# [Description of the task]
Go through the listing below and repeat it exactly, dropping the pictures.

# [Data]
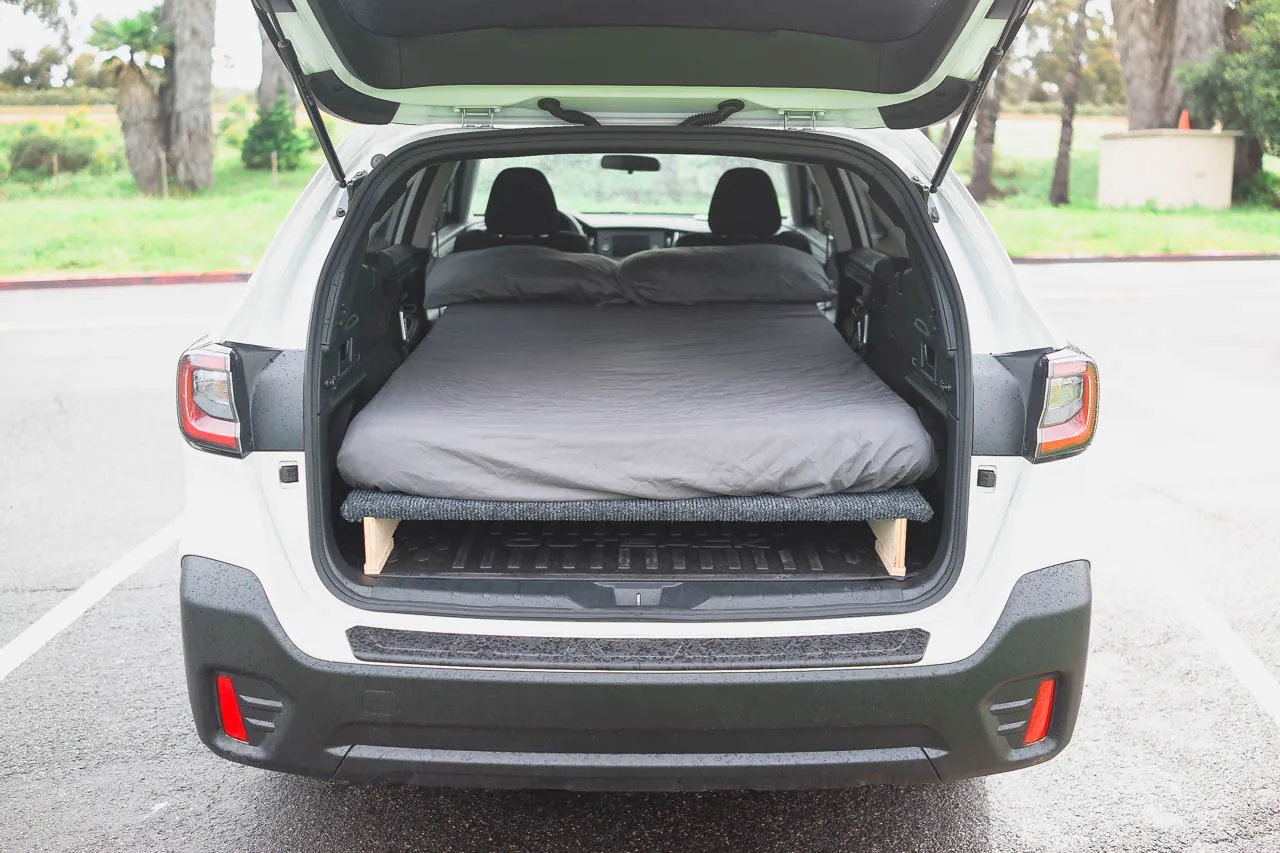 Subaru Outback Vanlife DIY bed platform set-up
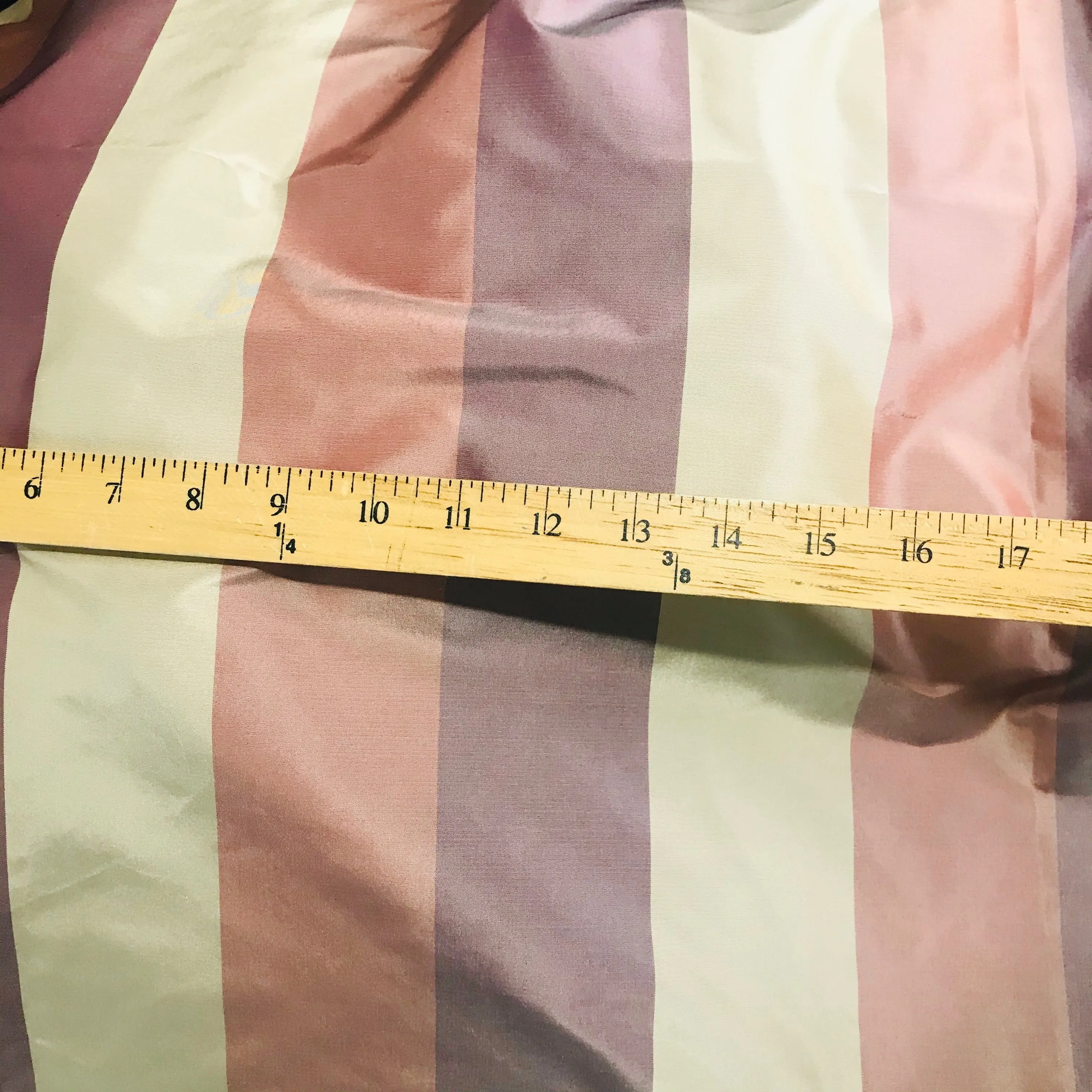 NEW Lady 100% Silk Taffeta Ecru, Purple, & Mauve Stripes SB_8_35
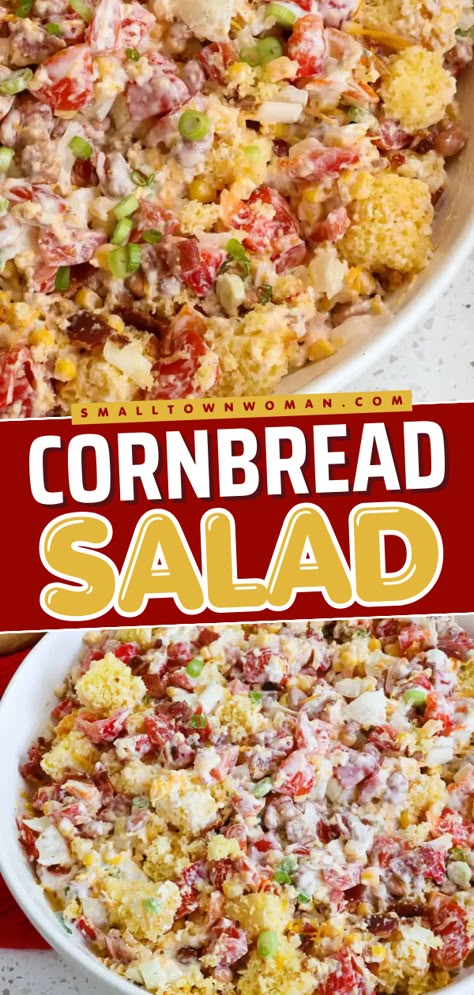 Here's a mouthwatering summer salad recipe! This Cornbread Salad recipe features a combination of fresh vegetables, creamy dressing, and savory cornbread. Serve this easy summer BBQ side dish that will surely please a crowd! Easy Cornbread Salad, Southern Dinner Sides, Southern Picnic Food, Summer Potluck Salads, Church Meals For A Crowd, Cornbread Salad Trisha Yearwood, Warm Side Dishes For A Crowd, Cornbread Salad Recipe Southern, Corn Side Dishes For Bbq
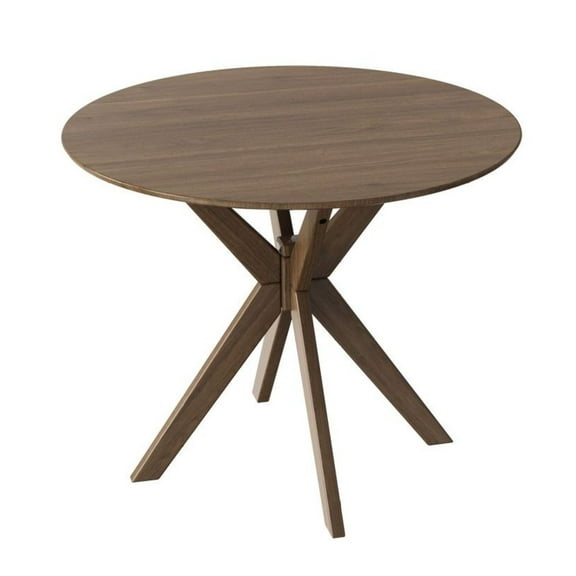 36 Inch Round Wood Dining Table with Intersecting Pedestal Base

# [Answer for the task]
 Subaru Outback Vanlife DIY bed platform set-up
 NEW Lady 100% Silk Taffeta Ecru, Purple, & Mauve Stripes SB_8_35
 Here's a mouthwatering summer salad recipe! This Cornbread Salad recipe features a combination of fresh vegetables, creamy dressing, and savory cornbread. Serve this easy summer BBQ side dish that will surely please a crowd! Easy Cornbread Salad, Southern Dinner Sides, Southern Picnic Food, Summer Potluck Salads, Church Meals For A Crowd, Cornbread Salad Trisha Yearwood, Warm Side Dishes For A Crowd, Cornbread Salad Recipe Southern, Corn Side Dishes For Bbq
 36 Inch Round Wood Dining Table with Intersecting Pedestal Base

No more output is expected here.